A Multi-Objective Price Optimization Framework in Stores Using Reinforcement Learning
Inventory optimization is one of the core merchandising operations for retailers. A key objective of the inventory optimization workstream is to reduce inventory on or by a specific date, often times through price reduction. Typically, this is done to make space for new items, reduce inventory of overstocked or seasonal items, or move perishable items such as meat or milk – but there are other reasons as well. As the world’s largest retailer and grocer, Walmart strives to find the optimal price point for its general merchandise and groceries. However, when inventory reduction becomes necessary it traditionally implemented a price reduction strategy, which may require up to three different pricing changes, to help move unsold inventory from its stores.
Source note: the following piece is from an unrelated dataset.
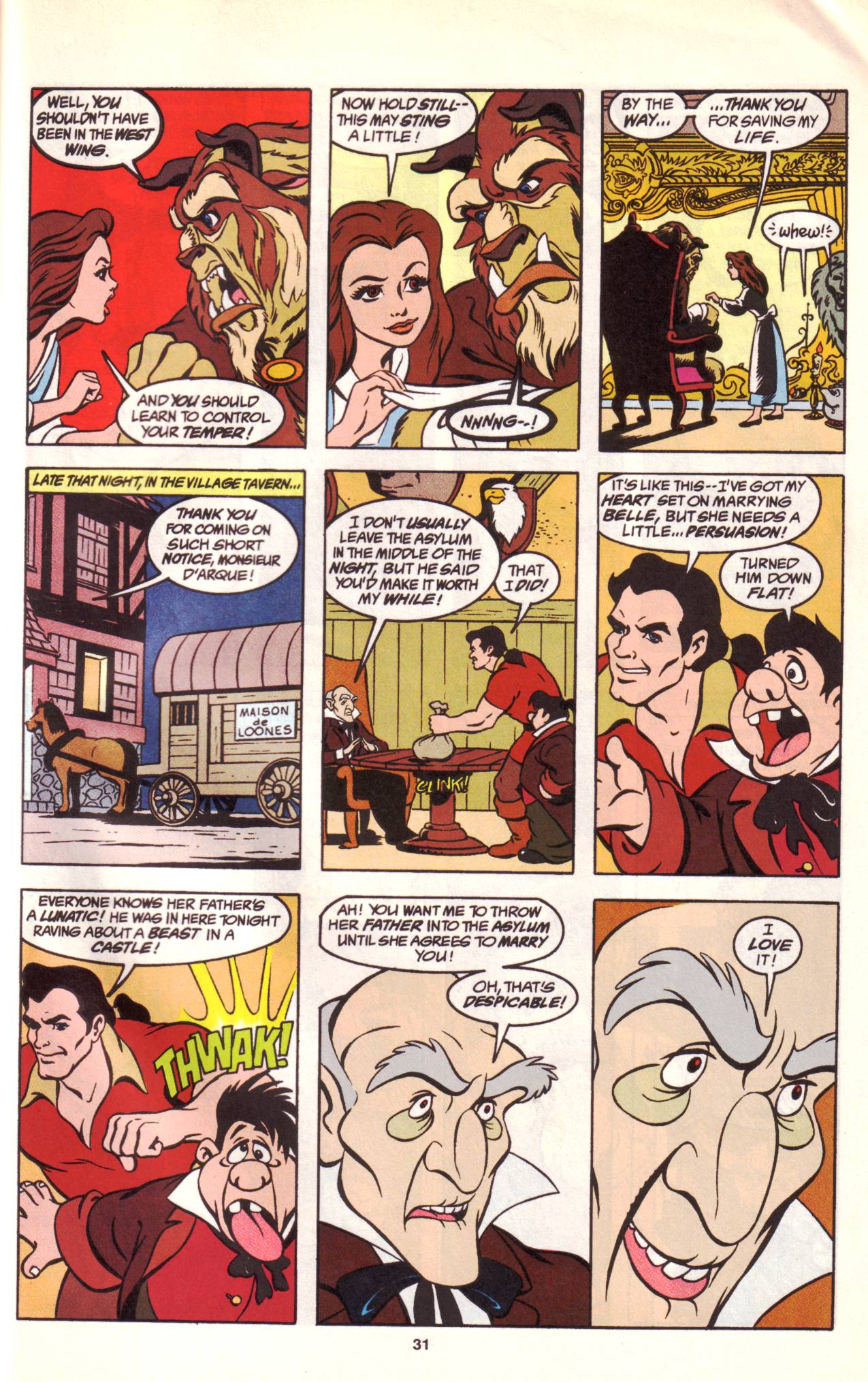 Read online Disney's Beauty and The Beast (1991) comic -  Issue # Full - 33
Inventory reduction is a challenge for every retailer, but Walmart’s size and scale means the challenges, opportunities and costs are greater than other retailers:
- More than 4,750 U.S. retail stores, including more than 3,500 Supercenters that can carry more than 125,000 SKUs each
- More than 800 product categories across Grocery, Health and General Merchandise, of which more than 200 categories experience price reductions each year
- Shelf space containing slow-moving or unsold merchandise needs to give way to opportunities to stock them with better-selling items, which impacts revenue and increased costs
- Merchant’s input into the suggested price reductions needs to be taken into consideration as it increases the complexity of their inventory optimization operations and impacts anticipated revenue.
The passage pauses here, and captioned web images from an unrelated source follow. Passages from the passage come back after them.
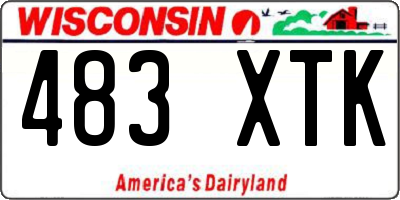 WI license plate 483XTK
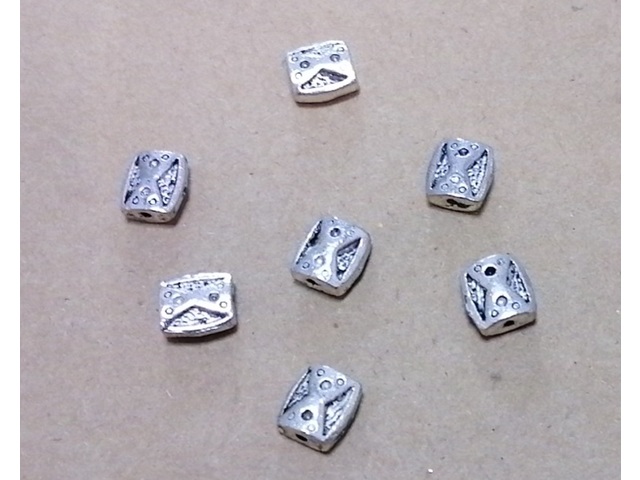 500 Alloy Rectangle Metal Beads 6mm Spacer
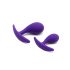 Rimba Kopenhāgenas - anālo aizbāžņu komplekts - violets (2 gab.)
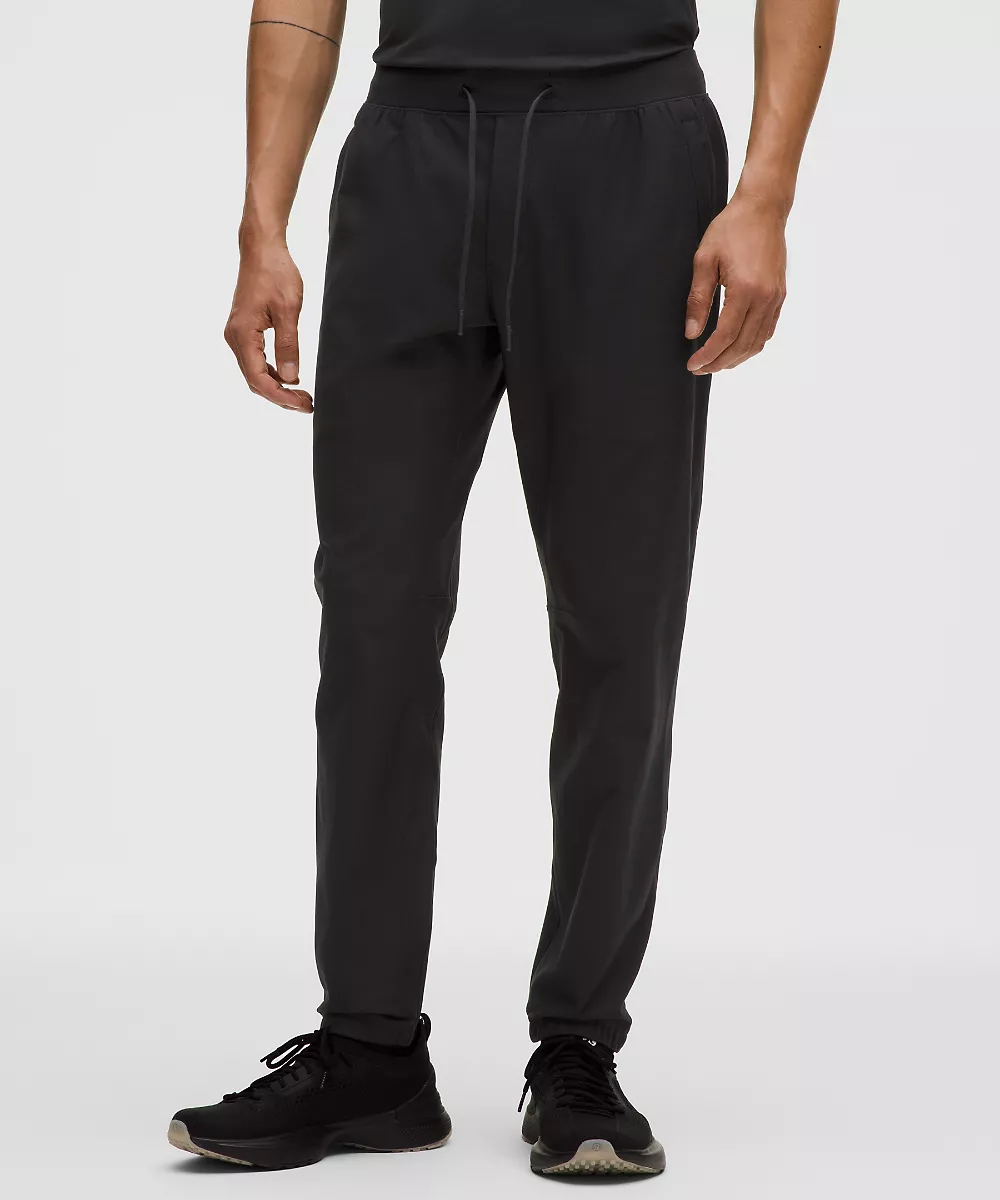 Jogging d'échauffement tricoté *Regular — Black/Black, view 2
With Walmart’s previous strategy, the time and labor cost required to re-label discounted merchandise up to three times – across all stores and product categories -- was substantial. Determining reduction strategies had to be done on a store-by-store basis, as not all stores had the same inventory optimization issues. Afterwards, the effort to remove and replace merchandise was also significant. In order to maximize sales revenue and reduce operating costs, Walmart created an intelligent algorithm that accelerates sales of time-sensitive merchandise across individual stores, categories and SKUs by optimizing price reductions and minimizing the associated costs of relabeling and removing time-sensitive goods.
Walmart’s inventory optimization algorithm ingests data from individual stores including aggregated sales data and operating costs, how much and what types of merchandise to reduce, and the dynamic time frame for when the merchandise must be sold in order to make way for new merchandise. The core algorithms used to determine the repricing policy originate from mathematical optimization and deep reinforcement learning techniques. This approach applies data analytics, reinforcement learning, and dynamic optimization to make automated decisions (e.g., when to initiate price reductions and by what percentage price reduction percentage of markdown, when to give the markdown price) for each individual product at each store. This results in a high-performance model and a price adjustment policy tailored to each store.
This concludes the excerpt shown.